Ale śledczy z Lublina tych opinii nie podzielili. Wydana została decyzja o odmowie wszczęcia postępowania w tej sprawie.
To trwa od lat
W uzasadnieniu prokurator przypomniał m.in. historię inwestycji, którą spółka PRBUD Development z Kalinowic od lat usiłuje zrealizować przy ul. Wyszyńskiego, ale nie może. Aby postawić blok inny, niż dopuszcza plan zagospodarowania przestrzennego, potrzebuje zgody radnych w oparciu o tzw. specustawę lex deweloper.
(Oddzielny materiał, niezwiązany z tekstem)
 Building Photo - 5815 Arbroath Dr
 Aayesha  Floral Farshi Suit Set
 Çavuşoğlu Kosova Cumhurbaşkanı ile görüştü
Tymczasem radni Zamościa już cztery razy powiedzieli tej budowie „nie”.
Trzy z uchwał w tej sprawie, podejmowane w 2020, 2021 i 2022 roku, zostały unieważnione przez Wojewódzki Sąd Administracyjny w Lublinie, który stwierdził m.in. że wydając decyzje odmowne radni powinni oprzeć je na argumentach przekonywujących, a tymczasem użyli takich, które, jak stwierdził prokurator, uznano za „chybione”. Dodajmy, że czwarta uchwała, z lutego br. też została zaskarżona do WSA, a decyzja ma zapaść 22 czerwca.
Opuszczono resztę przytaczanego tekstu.